We tore ourselves away from Ivan’s back yard on a bitterly cold morning. For some reason the temperature had dropped to 10ºC and during our journey, at one point, dropped to 7º! Luckily tonight the sun has come out and normal service, temperature wise, has been resumed.
We filled up with super cheap diesel and gas on our way to the Serbian border and before long we were at the border crossing. This is no Shengen, blink and you’ll miss it, border. This was a proper old fashioned change of territory, complete with no mans land, passport stamp, the lot. It was actually much easier than I had imagined. Both the Bulgarians and the Serbs made a cursory glance into Basil, past a growling Mabel, but neither actually stepped foot inside. In fact the Bulgarian guard spent more time tickling Melek than she did on any proper border guard duties. The whole crossing took no more than ten minutes maximum and we are now the proud possessors of a Serbian passport stamp.
Most of the road today was good quality motorway, some newly built. There was still a section which hadn’t been completed where we had to wind our way through an impressively narrow gorge, complete with unlit tunnels and landslide warnings.
We had planned to stop for lunch in Nis, the birthplace of Emperor Constantine, but after making our way through un asphalted roads in the centre and not finding a parking place we gave it a miss. I knew there were other parking spots in the city, but being in Serbia means we can’t use our mobile phones to access databases. ID, who provides our phones, charges £2 per MB for data and Three, who we use for our MIFI, wants £6!!!!! Scandalous, but it just shows how dependant I have become on the internet for researching our travels.
Lunch was finally taken at a motorway service station where the lowlight was a row of toilets, out in the open, for lorry drivers to relieve themselves. There were no screens to shield them from our sensitive eyes. Another first for us.

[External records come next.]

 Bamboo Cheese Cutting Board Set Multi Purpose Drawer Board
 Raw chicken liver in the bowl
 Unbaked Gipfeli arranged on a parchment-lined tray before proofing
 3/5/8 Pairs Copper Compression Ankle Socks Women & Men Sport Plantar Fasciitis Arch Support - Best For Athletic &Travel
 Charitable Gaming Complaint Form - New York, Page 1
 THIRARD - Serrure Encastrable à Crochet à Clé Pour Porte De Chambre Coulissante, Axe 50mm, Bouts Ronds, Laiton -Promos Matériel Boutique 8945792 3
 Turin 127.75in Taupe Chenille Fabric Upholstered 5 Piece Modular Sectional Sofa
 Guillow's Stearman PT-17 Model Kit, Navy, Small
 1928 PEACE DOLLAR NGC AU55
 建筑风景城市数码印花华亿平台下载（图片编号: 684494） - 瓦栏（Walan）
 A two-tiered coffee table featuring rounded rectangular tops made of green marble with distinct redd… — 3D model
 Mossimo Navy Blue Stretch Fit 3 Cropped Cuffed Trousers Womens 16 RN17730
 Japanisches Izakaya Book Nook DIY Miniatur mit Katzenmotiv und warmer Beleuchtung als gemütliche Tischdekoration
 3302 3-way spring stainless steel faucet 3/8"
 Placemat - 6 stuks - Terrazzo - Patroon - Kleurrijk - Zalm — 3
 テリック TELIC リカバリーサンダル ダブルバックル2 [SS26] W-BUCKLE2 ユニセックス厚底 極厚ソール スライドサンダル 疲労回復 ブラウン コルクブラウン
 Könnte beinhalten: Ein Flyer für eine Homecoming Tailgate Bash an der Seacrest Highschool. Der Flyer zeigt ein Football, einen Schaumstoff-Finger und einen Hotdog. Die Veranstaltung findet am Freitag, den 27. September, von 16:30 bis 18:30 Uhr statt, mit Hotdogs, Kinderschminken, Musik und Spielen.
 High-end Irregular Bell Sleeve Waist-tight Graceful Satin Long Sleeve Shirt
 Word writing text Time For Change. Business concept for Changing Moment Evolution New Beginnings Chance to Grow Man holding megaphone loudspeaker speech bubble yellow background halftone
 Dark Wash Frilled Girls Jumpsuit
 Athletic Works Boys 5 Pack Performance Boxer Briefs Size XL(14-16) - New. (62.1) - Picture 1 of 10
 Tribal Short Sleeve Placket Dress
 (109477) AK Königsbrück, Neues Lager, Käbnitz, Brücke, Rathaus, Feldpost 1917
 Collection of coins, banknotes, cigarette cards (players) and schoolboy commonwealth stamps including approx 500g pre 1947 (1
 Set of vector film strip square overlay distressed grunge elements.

Because most of our journey was on motorway we haven’t been able to make much of a judgement about Serbia. The countryside, being in the Balkans, was less mountainous than I was expecting. From what we saw in Nis and from the motorway the housing stock looks generally to be in a very poor state. We saw numerous horses and carts, not on the motorway thank goodness, but in the streets of Nis. Shockingly we saw several dogs wandering the edges of the motorways, including a small pack at one stage. We will have to take a stick when we walk the Mabel and Melek I fear.
After several false starts from SatNav we finally found our campsite near the city of Jagodina. The owner ofCamping Ruža Vetrova (43.959131, 21.265280 €21 including electricity) has put considerable effort into fashioning a series of flat pitches out of an extremely steep hillside. I managed to get parked up before he showed me a flatter area for big motorhomes. I just hope we don’t have rain overnight, otherwise I might struggle to get up the slope out of the campsite. Fortunately the campsite has fast WiFi, so I have spent the latter part of the day downloading strategic maps for use offline and making a list of co-ordinates so we can manage the next couple of days without using online data.
Our campsite owner speaks French as a second language. My French is sufficient to navigate a campsite stop, but I did not fully understand about some official looking documents, including a formal looking stamp, which he says we need for the police. A Swedish camper, with a Serbian wife, has told us that we should register with a police station within 24 hours of entering Serbia, but on looking at the papers the campsite owner has given us, we both think that they are the registration documents we need. If there are no posts for a few days we may be languishing in a Serbian jail. Please let the British Consulate know!!
Tomorrow we are heading to the north west of Belgrade to another campsite and perhaps visit something on the way.